Une entreprise peut-elle apprendre et comment ? Et quelles sont les conditions de cet apprentissage organisationnel ?
De façon générale, les entreprises comme les humains sont confrontées en permanence au changement. Changement des réglementations, changement technologique, changement des comportements, changement des prix et des marchés, changements des alliances et des partenariats, etc..
Qu’est-ce qu’une organisation apprenante ?
Qu’est-ce qu’une organisation apprenante ?
L’apprentissage qui se conçoit bien à l’échelle d’une personne n’est pas si évident au niveau d’une organisation comme l’entreprise. Comment celle-ci peut-elle devenir apprenante ? Pour changer elle-même l’entreprise doit apprendre de nouvelles façons d’exercer son activité mais elle doit aussi apprendre à changer puisque le changement devient lui-même une contrainte permanente.
Les changements de son environnement peuvent être lents, progressifs et prévisibles et dans ce cas, elle pourra s’adapter dans la durée.
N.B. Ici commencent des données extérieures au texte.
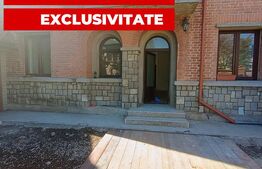 Apartament de vânzare 2 camere Sud - 166960AV - Poza 11 din 11 | BLITZ Ploieşti | Poza3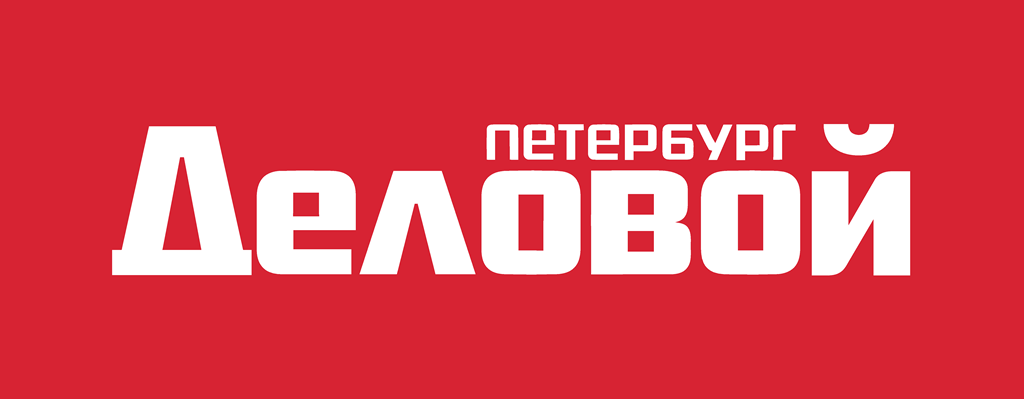 logo-delovoy-peterburg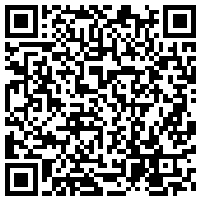 QR Code for bitcoin:bitcoin:bitcoin:bitcoin:bitcoin:bitcoin:bitcoin:dash:Xgc3DpeCvsHbSp3NAxa9Eda53ckM4LFp1o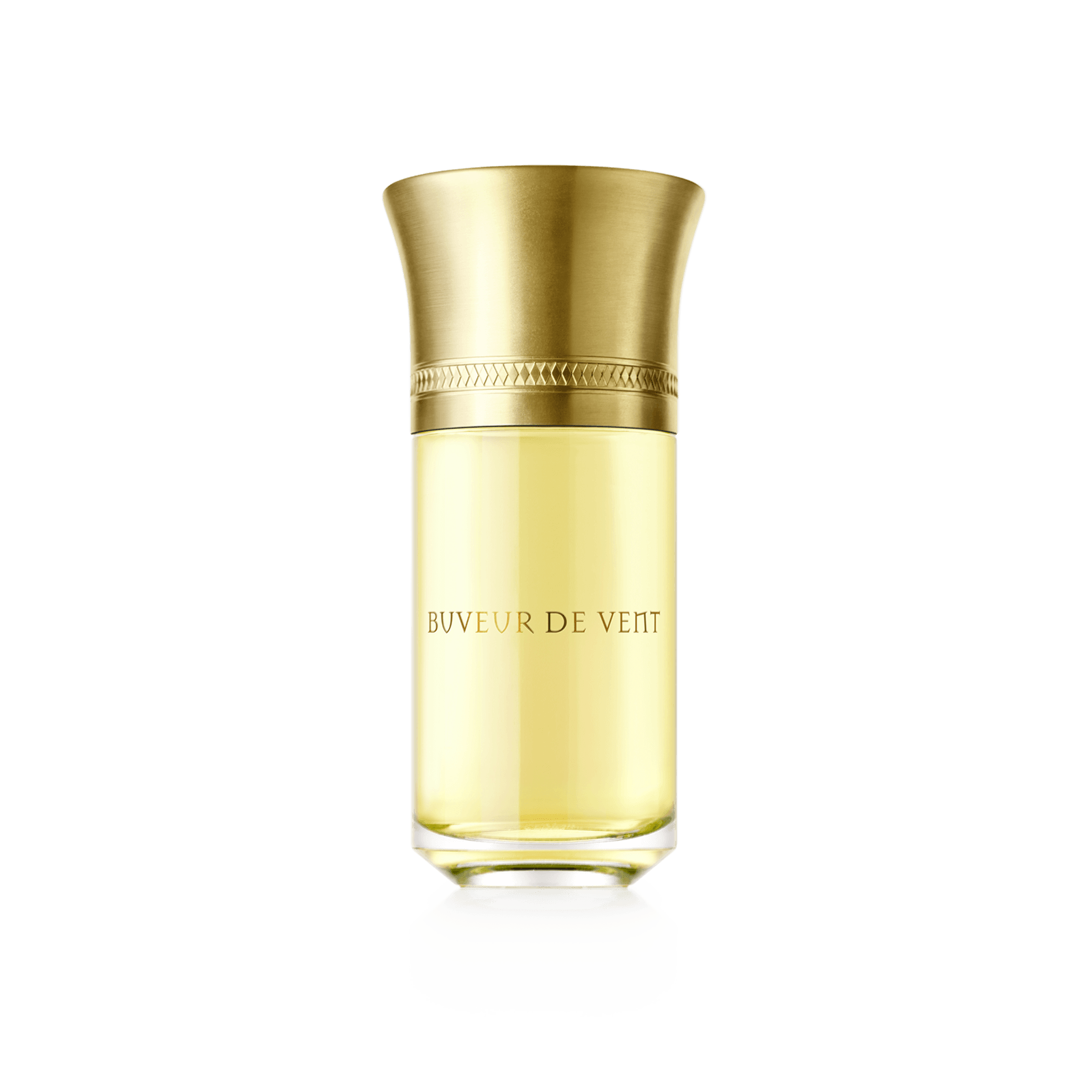 Buveur De Vent Les Liquides Imaginaires perfume - a fragrance for women and  men 2019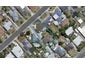 2/64 MENIN RD, ONEKAWA, NAPIER - Carousel 1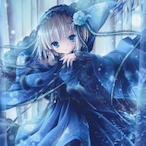 Only...you's Avatar'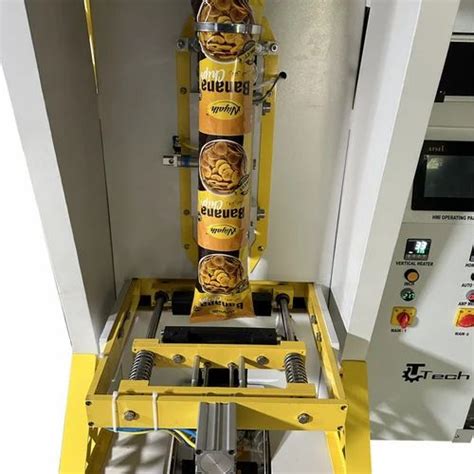 Image result for Fully Automatic Packing Machine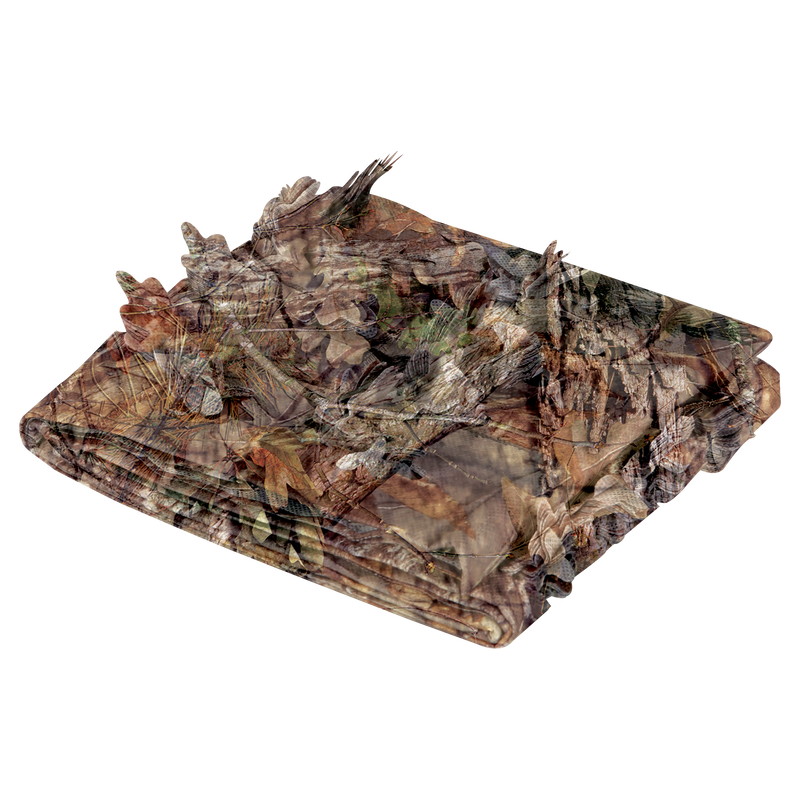 Ameristep 3D Blind Fabric Mossy Oak Break-Up Country - AMSAMEAC0208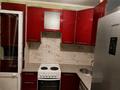1-комнатная квартира · 33.25 м² · 5/5 этаж, Машиностроителей 2 за 10.2 млн ₸ в Усть-Каменогорске — фото 3
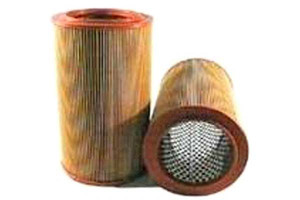 Filtr Powietrza Renault 1,6 Alco Filter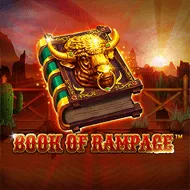 spnmnl/BookOfRampage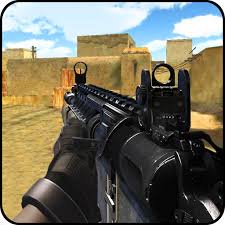 Descargar weapons simulator para android última versión gratis. Gun Simulation Gun Shooting Battleground Simulator Apk 1 0 Download For Android Download Gun Simulation Gun Shooting Battleground Simulator Apk Latest Version Apkfab Com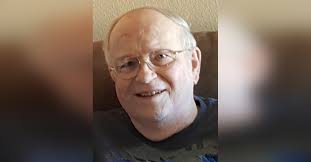 Obituary information for Jerome Francis Uryasz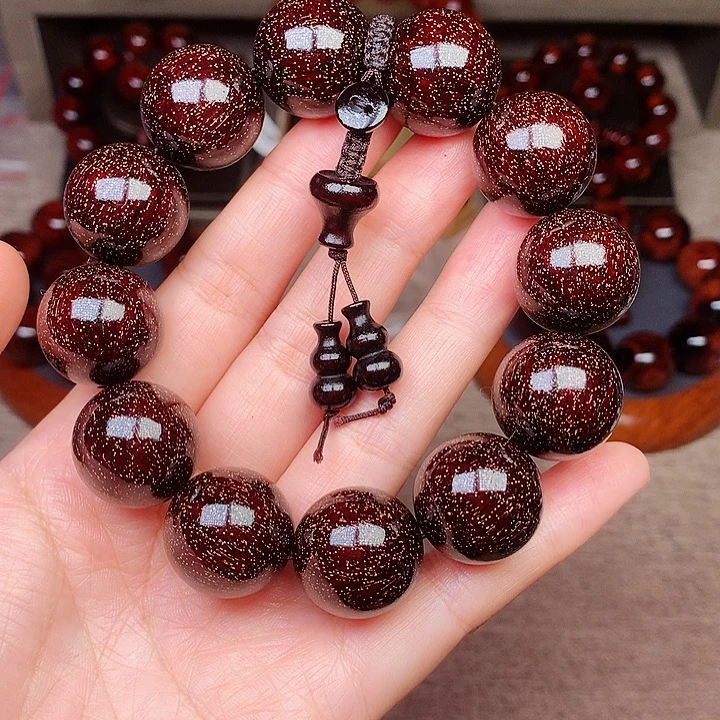 檀香紫檀（小叶紫檀）2.0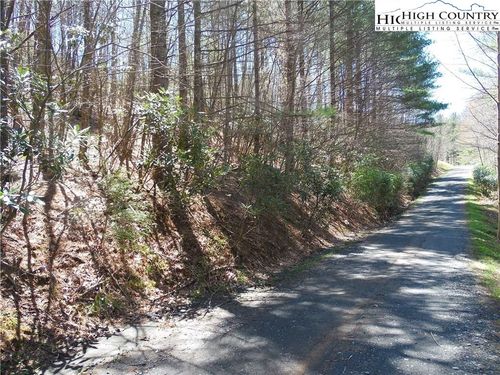 NA Samsjames Drive, Fleetwood, NC, 28626 | Card Image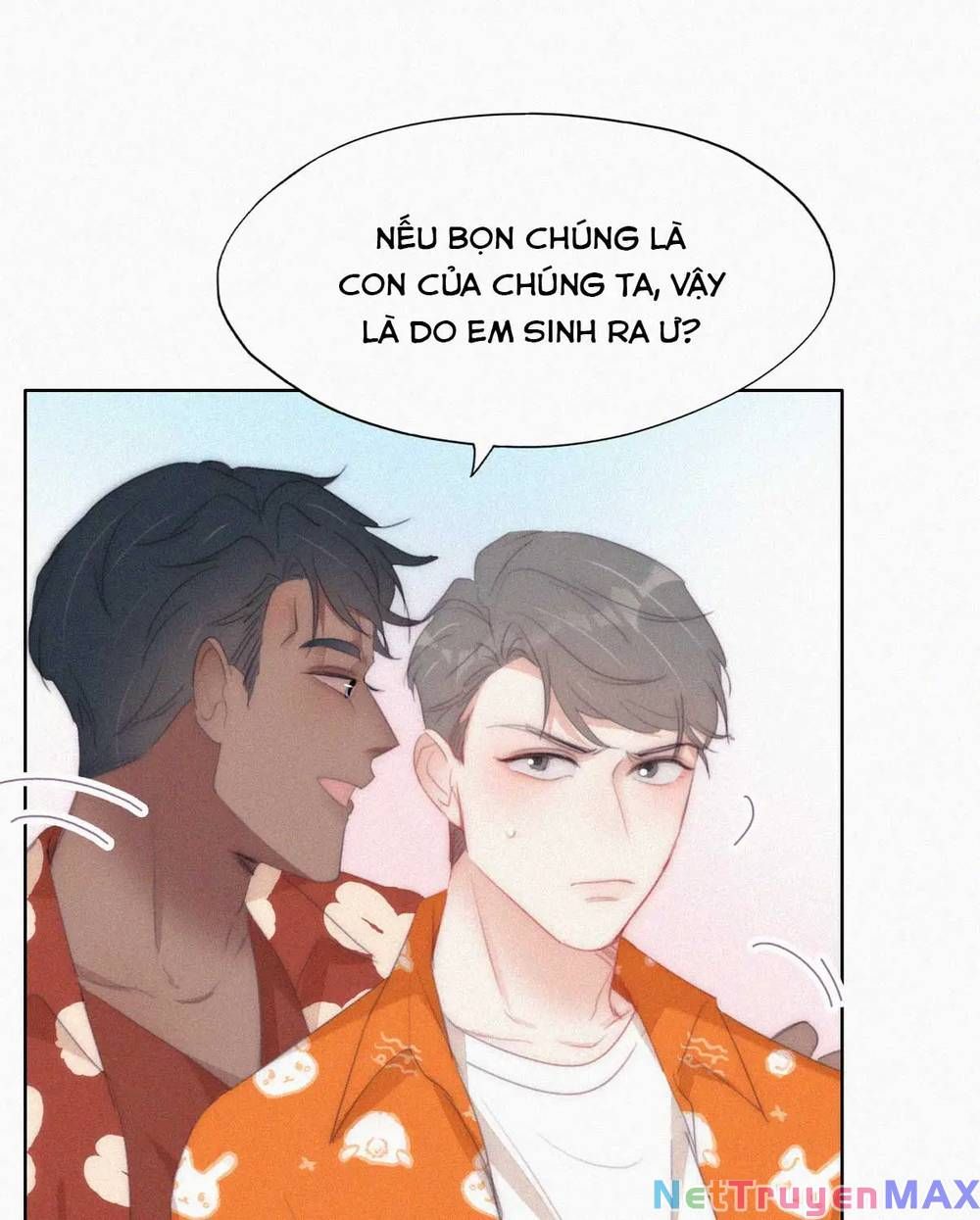 đọc truyện Nghịch Tập Chi Hảo Dựng Nhân Sinh Chương 283 ảnh 35 tại Thiên Thai Truyện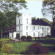 Photos Fuerstenberger Hof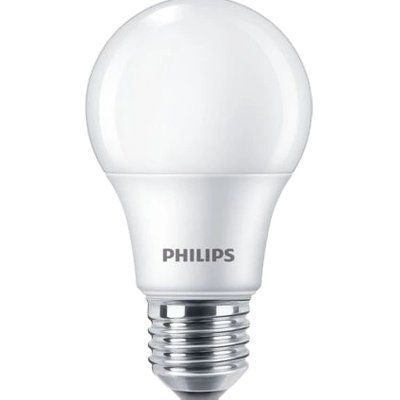 Philips Ecohome LED Bulb Лампочка 11W 950lm E27 865 RCA 99-00015249 фото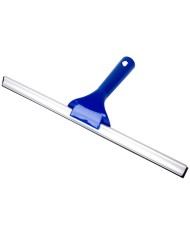 Stierka Neco, 350 mm, na okná a podlahu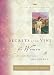 Book Secrets of the Vine for Women Audio CD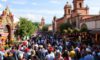 Events in San Miguel de Allende: Explore Thrilling Festivities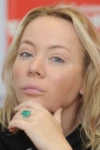 Mariya Lopatova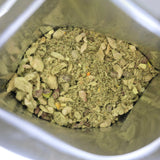 骨雞兔兔餐 (貓) 20g隨手包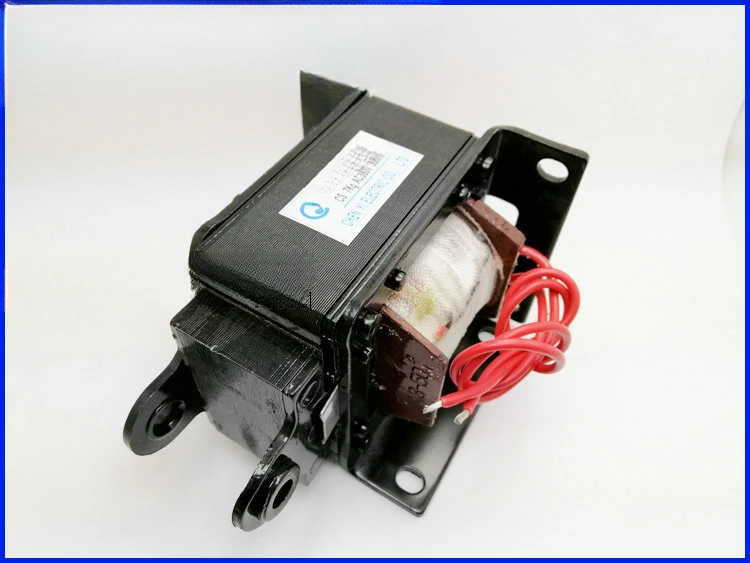 Pull type traction electromagnet SOLENOID CS 7kg 30m/m 380V 415V non penetrating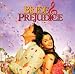 Bride & Prejudice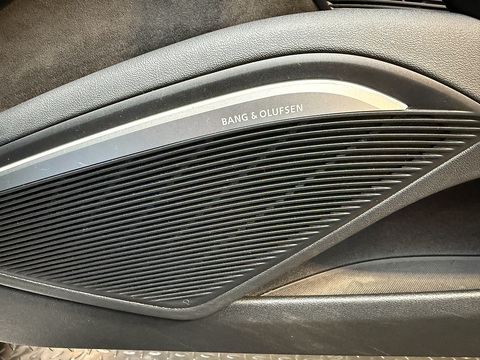 1.8 TFSI Black Edition Coupe 3dr Petrol Manual Euro 6 (s/s) (180 ps)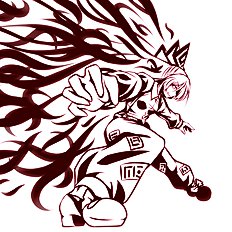 K2isu
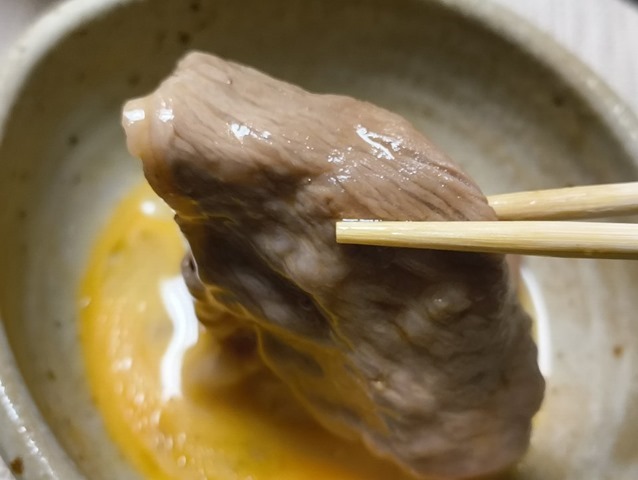 最初の一枚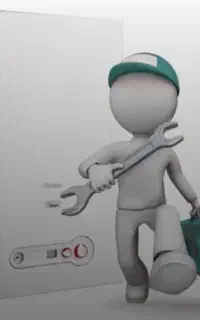 نصب و تعمیرات پکیج و شیرآلات ساختمانی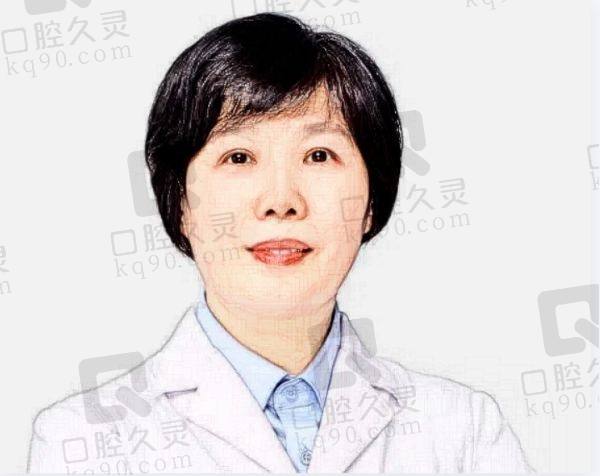 常州爱尔眼科医院谭英医生怎么样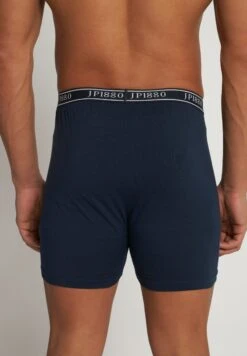 JP1880 Onderbroeken - Orange Bleu Marine 10 JP1880 Onderbroeken - Orange Bleu Marine -JP1880 ae01c8869a1742b99594470d28f29ffe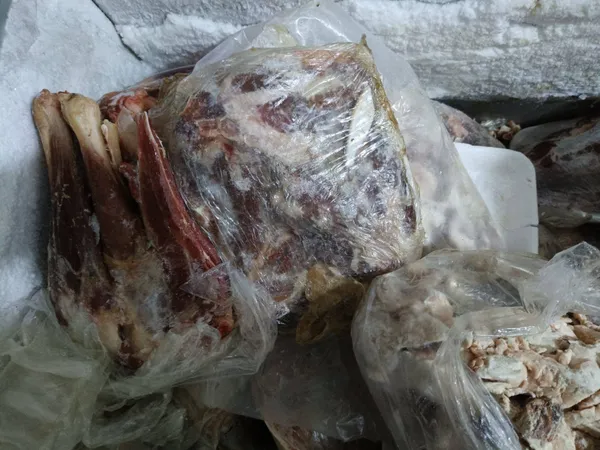 المنوفية 
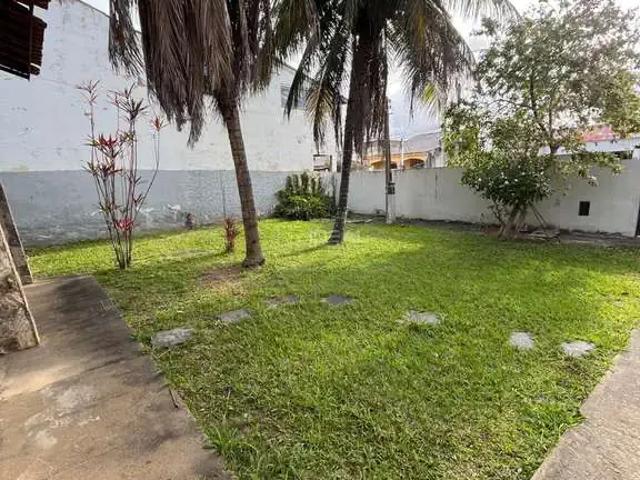 Casa venda em Região Geográfica Imediata de Campos dos Goytacazes, Campos dos Goytacazes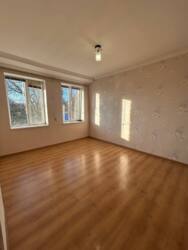 ʲ����� � �������� � ������ ����� ����������! 🔥 ���� 3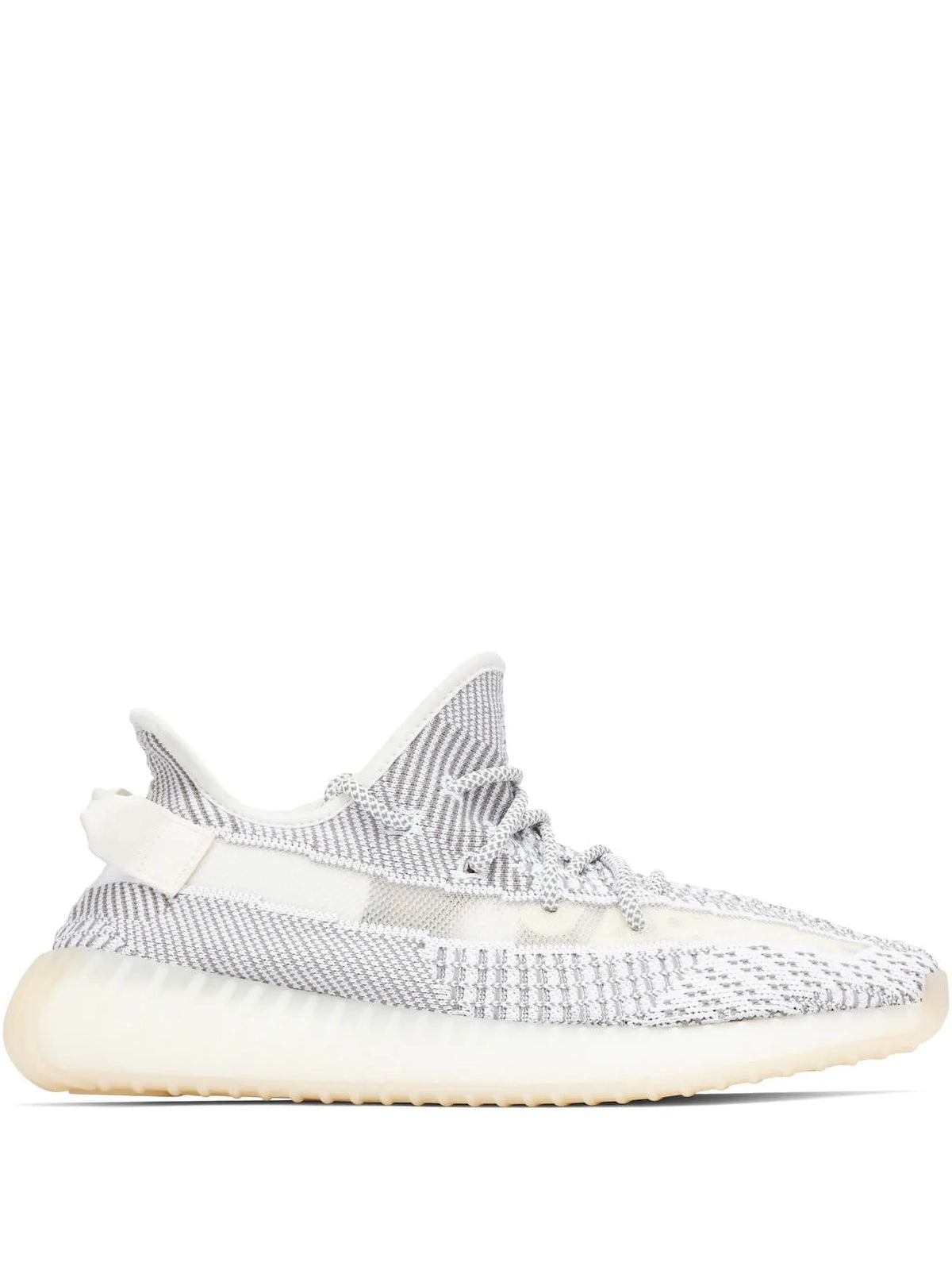 Yeezy Boost 350 V2 Statique SneakStyle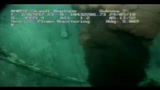 Marea nera, BP ammette: Top Kill non ha funzionato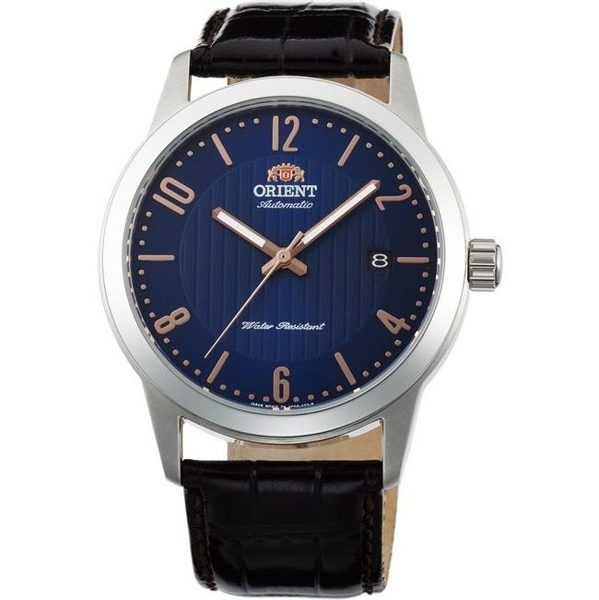 Orient Contemporary FAC05007D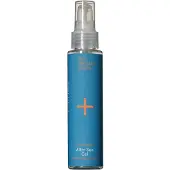 I+m Naturkosmetik Sun Protect After Sun Gel 100 ml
Mais ils peuvent aussi être soudains et imprévisibles et dans ce cas, l’entreprise ne pourra compter que sur sa faculté d’adaptation rapide, ce qui s’improvise rarement.
Une « organisation apprenante » (learning organization) est capable d’apprentissage. Elle sait inventer ou s’approprier des connaissances et des savoir-faire. Elle facilite pour cela l’apprentissage de ses collaborateurs. Cette pratique de l’apprentissage l’amène immanquablement à évoluer. Habituellement, le changement sera impulsé par la hiérarchie et l’encadrement, sans que cela soit une règle. Quoi qu’il en soit, pour qu’il soit couronné de succès, il faut que toutes ses parties prenantes (services, personnel, partenaires) soient convaincues de son intérêt et disposent des moyens de le mettre en œuvre.
Comment une entreprise peut-elle apprendre ?
Comment l’apprentissage des nouvelles méthodes et procédures de travail, des nouveaux services et produits peut-il se faire ? Les organisations décentralisées et dont la culture et les procédures sont tournées vers l’émergence et la réalisation de projets et la mise en place de groupes de travail transversaux facilitent un apprentissage collectif (ou « organisationnel »). La communication accompagne et complète les évolutions organisationnelles pour que les nouvelles solutions soient partagées ou mises à la disposition de tous les services. Le recrutement des salariés puis la culture de l’entreprise vont eux-mêmes valoriser l’aptitude à apprendre et à changer chez chacun de ses membres.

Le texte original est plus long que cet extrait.